Não serão, portanto, discutidos e demonstrados interesses pontuais na elaboração da trama e do roteiro sobre a obra. Não cabe criticar personagens nem interpretação de atores. Não cabe tentar encontrar simples palavras e argumentos para resumir tão cruamente o que é de uma abrangência infinitamente maior. Vale, sim, parar e analisar o todo, tudo que nele se insere, na ilusão de achar uma resposta unânime. Assim, Kubrick inicia sua épica jornada mostrando ao expectador quem ele é, de onde ele provém. Atribui, assim, um choque inicial, muito bem interpretado. Nos primeiros trinta minutos seremos primatas, desprovidos de uma inteligência mais aguçada, mais convincente e cômoda sobre si. Nisso, a proposta de voltar três milhões de anos no tempo, com a ausência – óbvia – da fala, não propõe nada, ao contrário, obriga o espectador a tirar conclusões, a entender-se, a encontrar respostas, aquilo que ele fará ao longo de todo o filme. Entraremos em contato com um misterioso monolito, instintivamente o estudaremos, assim como faremos posteriormente com o mesmo monolito, passados os três milhões de anos, dando a ideia de não-progressão, ou de uma progressão imaginária e ilusória. Somos ainda como primatas na vastidão da complexidade do universo. Isso, claro, marcado por uma trilha sonora indescritível, mas que aqui, cruelmente, tentarei fazer.
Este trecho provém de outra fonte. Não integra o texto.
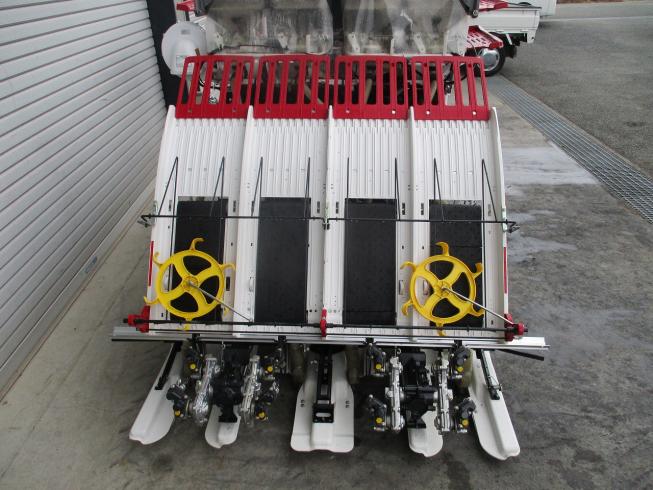 田植機 YR4J 写真９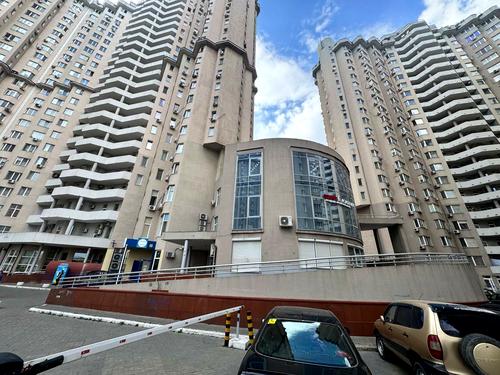 комерційна за адресою Середньофонтанська вул., 19-А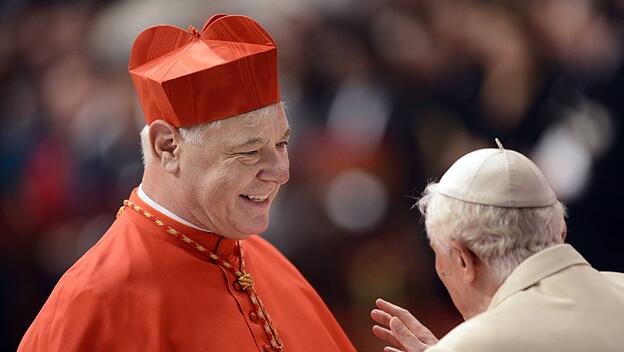 Kardinal M&uuml;ller mit dem emeritierten Papst Benedikt XVI. im Jahr 2014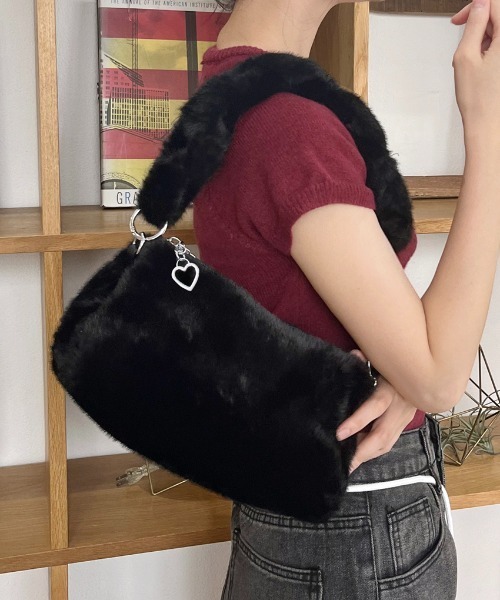 セール】ハートチャーム付き ワンハンドルフェイクファーバッグ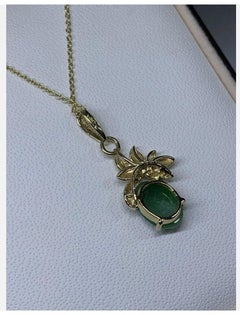 Jadeite Solitaire Pendant Necklace 18ct Yellow Gold 18 Inches 3.3g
Diante do interesse maior deste longa, não se poderia, jamais, abdicar-se da oportunidade de utilizar-se o cérebro de cada espectador sem a consciência do próprio para fazê-lo entender a mensagem central de cada cena. A demonstração lenta dos acontecimentos e a narrativa sem pressa da história tenta-nos fazer acompanhar o ritmo, nos acalmar e preparar para o que está por vir. Serão as inconfundíveis e marcantes trilhas sonoras dos filmes de Kubrick que resumirão em áudio aquilo que se poderia falar. Porém, assim como tudo no longa, é melhor propor a interpretação do que entregar uma explicação pronta no conforto de entender facilmente uma ideia. Daí, até chegar à marcante cena do homem entrando em contato com seu primeiro instrumento de trabalho e manuseio, já se espera ter preparado o terreno para o que tem por vir.
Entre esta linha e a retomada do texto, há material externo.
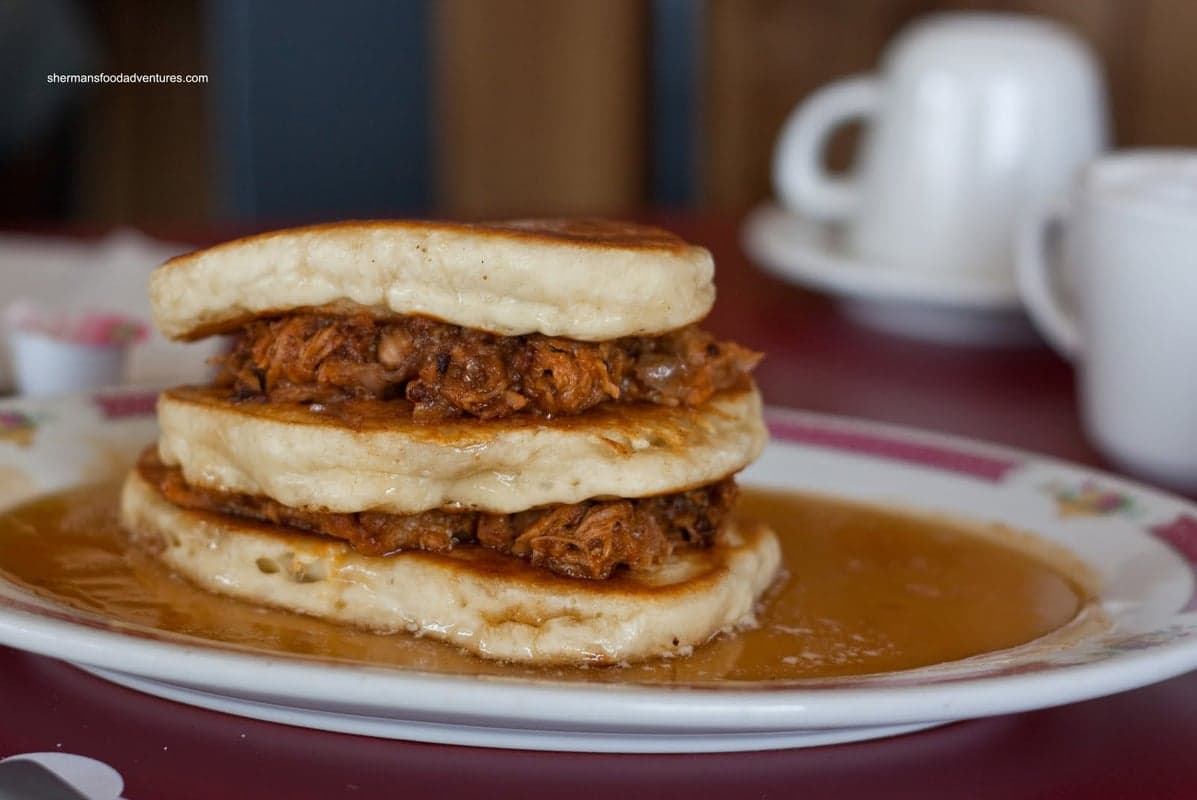 Red Wagon Cafe food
Passados estes minutos introdutórios, faz-se o maior corte da história do cinema: três milhões de anos. E parece que estamos em contato com uma nova espécie: o homem detentor de conhecimento. Sua inteligência está no foco do filme, e o fará ir à Lua e à Júpiter. Longe, como sua imaginação. Porém, outras propostas seguirão, dando início às abordagens mais contemporâneas, principalmente a relação do homem com a máquina, utilizando-se de uma inteligência artificial, representada pelo computador HALL-9000. Esta odisseia no espaço buscará mostrar que tudo pode ser maior, muito maior que nossa própria imaginação. Que o bloqueio intelectual fará o homem parar no tempo, inconsciente de sua própria capacidade e de seu próprio limite. Porém, uma vez que não se conhece a existência do todo, o limite não haverá, será somente encontrado quando tudo lhe for explicado, e até lá, pode-se decorrer um tempo inimaginável, incalculável, tanto quanto obstáculos ainda não esperados. Esta jornada audaciosa do homem poderá lhe custar um contato mental proporcional ao seu interesse, onde se propõe uma leitura sobre a possibilidade de uma existência de inteligência paralela à do homem.

Quando a obra termina, claro, muito se observa. Há quem não entenda nada, há quem diga que entendeu tudo, há quem discorde, concorde, questione, ame, odeie ou considere-o um excelente resumo do atual estágio da inteligência da vida humana. Resultarão, por fim, diversas interpretações sobre a obra que tenta interpretá-lo. Nessa instabilidade sobre uma conclusão e definição única da obra de Kubrick, todos poderão considerá-lo uma viagem, em qualquer sentido, mas que propõe e atinge com excelência seu interesse original: enaltecendo o pensamento, a interpretação, a imaginação. Aliás, quando da elaboração do livro escrito por Stanley Kubrick e Arthur C. Clarke, tudo já se resumia no pensamento de seus autores, afirmando que “se algum dia alguém disser que entendeu o significado e a obra por completo, nós fracassamos”.